Inside an effect() or a mount() render fn, state.value reads ARE tracked — that’s how mount knows to re-render when actions mutate the store.

counter.actions.inc(); // → state.value === { count: 1 }
counter.actions.dec(); // → state.value === { count: 0 }

Actions are plain methods — call them from event handlers, async flows, anywhere.

counter.reset(); // back to { count: 0 }

Per-store reset is useful in tests. There’s also a global hook:

import { resetAllStores } from 'kerfjs';
resetAllStores(); // resets EVERY store created via defineStore()

Use cases:

  • Test setup: beforeEach(() => resetAllStores()).
  • App lifecycle: project switch / sign-out / route reset where every piece of state should return to its initial shape.

The registry is module-level. Every defineStore({...}) call appends to it. There’s no opt-out — if you don’t want a store to participate, don’t put it in defineStore(); use a raw signal instead.

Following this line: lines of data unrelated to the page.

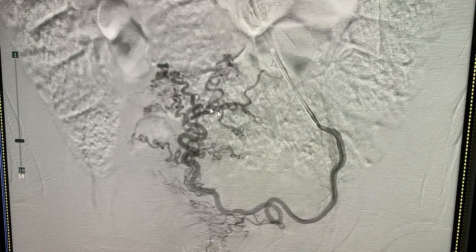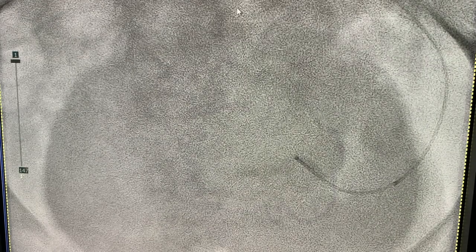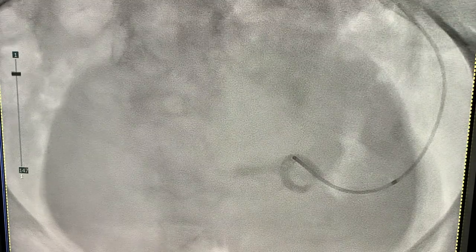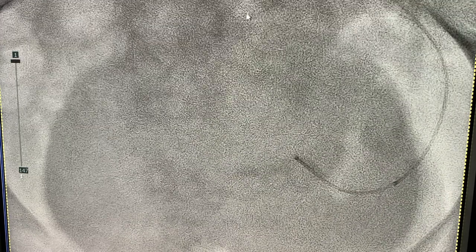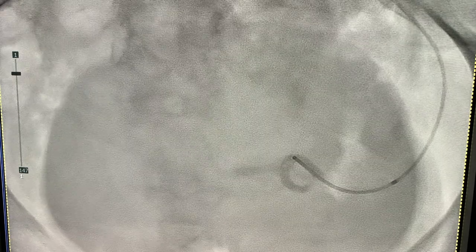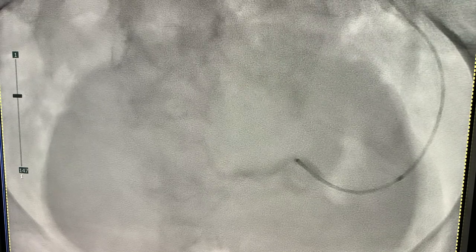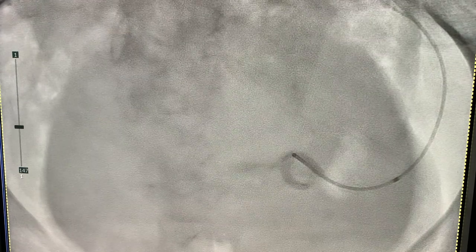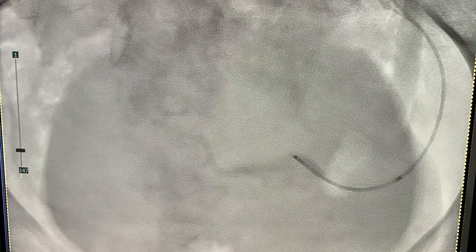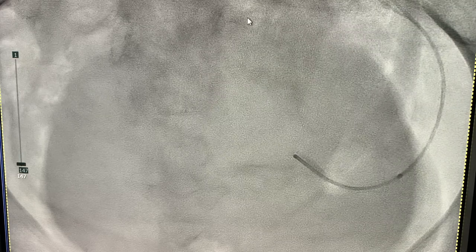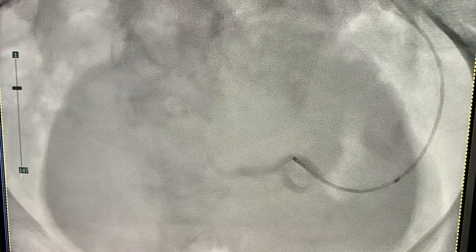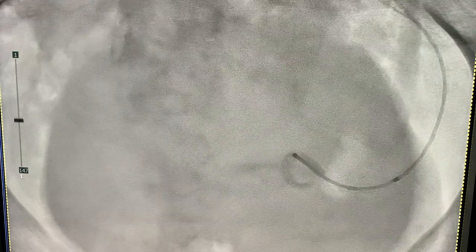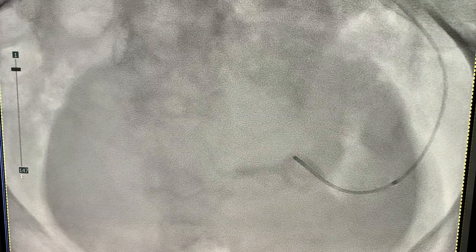Here we're in the left uterine artery with several hypertrophied branches. We're now in the horizontal portion of the uterine artery, going a little more distal than the prior run to allow more room for reflux. We're embolizing with particles — specifically 500 to 700 micron particles. We usually start with those before moving on to bigger particles.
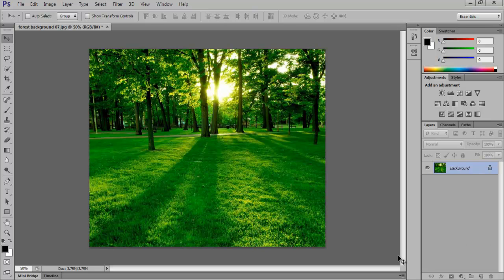In this tutorial, we will teach you how to add texture to an image in Photoshop CS6.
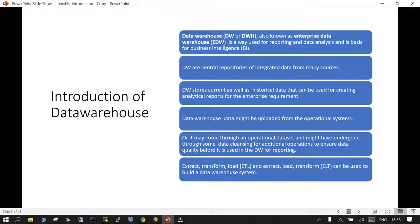Data warehouses are central repositories where data can be ingested from multiple sources. They store current as well as historical data, which can be used for creating analytical reports for enterprise requirements. The data may be uploaded from your operational OLTP environment or from multiple operational data sets, and it is used for data warehouse reporting.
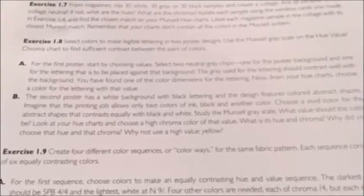In this video, I'll be going over the completion of one of the Munsell color exercises, and I'll be using exercise 1.8 as the example.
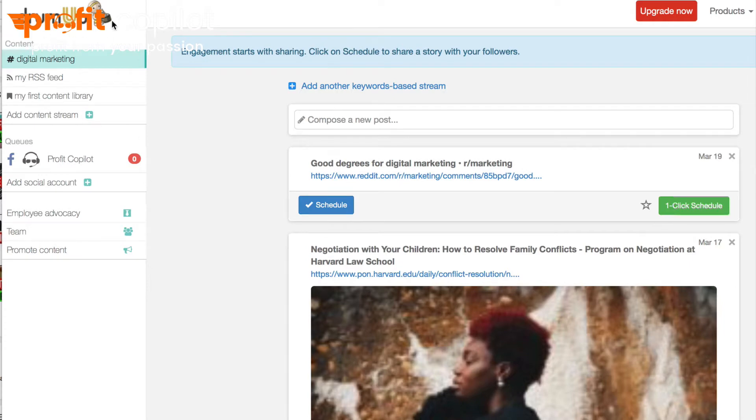Here we are in DrumUp. The URL is DrumUp.io and this lets you post to social media profiles automatically, and it does a bit more than that too. This is free to use. I have no relationship with this platform — I'm not being paid to endorse it. It's a tool that I've recently discovered and I thought I would share it with you because I think it's going to benefit you.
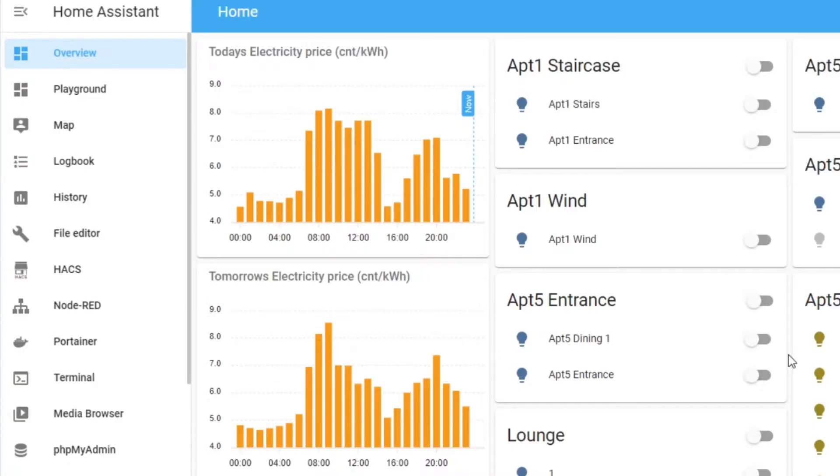Hi, I'm tinkering with Home Assistant. It's not Sunday — it's Tinker Tuesday, or Tech Tuesday, you choose whichever one you want. I just wanted to share this with you. Look at this — how cool. Today's electricity price, tomorrow's electricity price. I got it working.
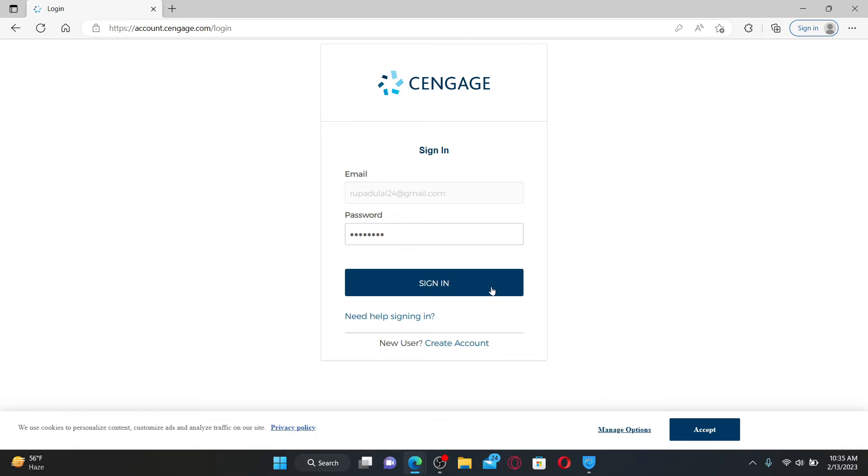Finally, after typing in your password, click the Sign In button in order to log into your Cengage account. Cengage is an educational and technology company built for learners around the world. It helps higher education instructors, learners, and institutions with course materials built around their needs.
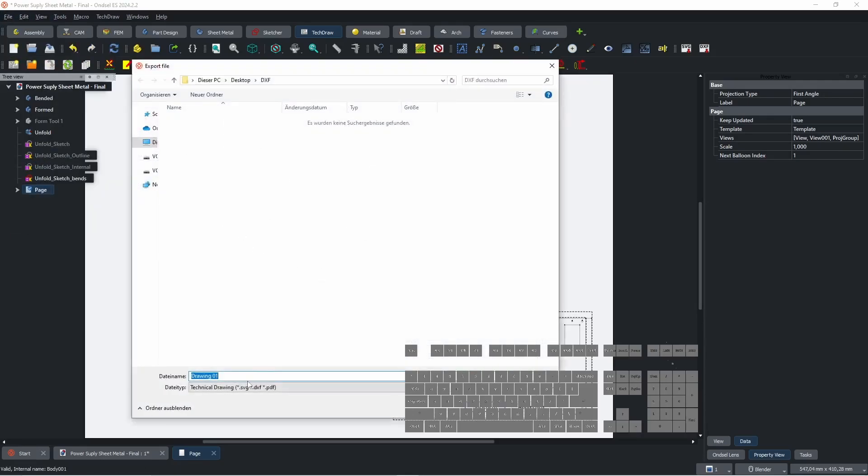In Export Window, give a name and add .dxf after name. Click Save, then click Save again.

Actions are just functions. Anything goes:

const cart = defineStore({
initial: () => ({ items: [] as Item[], pending: false }),
actions: (set, get) => ({
async checkout() {
set({ ...get(), pending: true });
try {
await api.submit(get().items);
set({ items: [], pending: false });
} catch {
set({ ...get(), pending: false });
}
},
}),
});

If you want the writes inside checkout() to be a single notification to subscribers, wrap them in batch():

import { batch } from 'kerfjs';
actions: (set, get) => ({
pay() {
batch(() => {
set({ ...get(), step: 'paying' });
set({ ...get(), receipt: makeReceipt() });
set({ ...get(), step: 'done' });
});
// → consumers re-run once, seeing the final state.
},
}),

A store doesn’t need a derived field built into it; derive via computed() next to the store:

import { computed } from 'kerfjs';
export const cartTotal = computed(() =>
cart.state.value.items.reduce((sum, i) => sum + i.price, 0),
);

cartTotal.value is auto-tracked exactly like a raw signal. The computed re-runs when (and only when) the items array changes.

import type { Store } from 'kerfjs';
function makeWidget(store: Store<{ open: boolean }, { toggle(): void }>) {
// ...
}

Useful when you pass a store as an argument or store it on a class.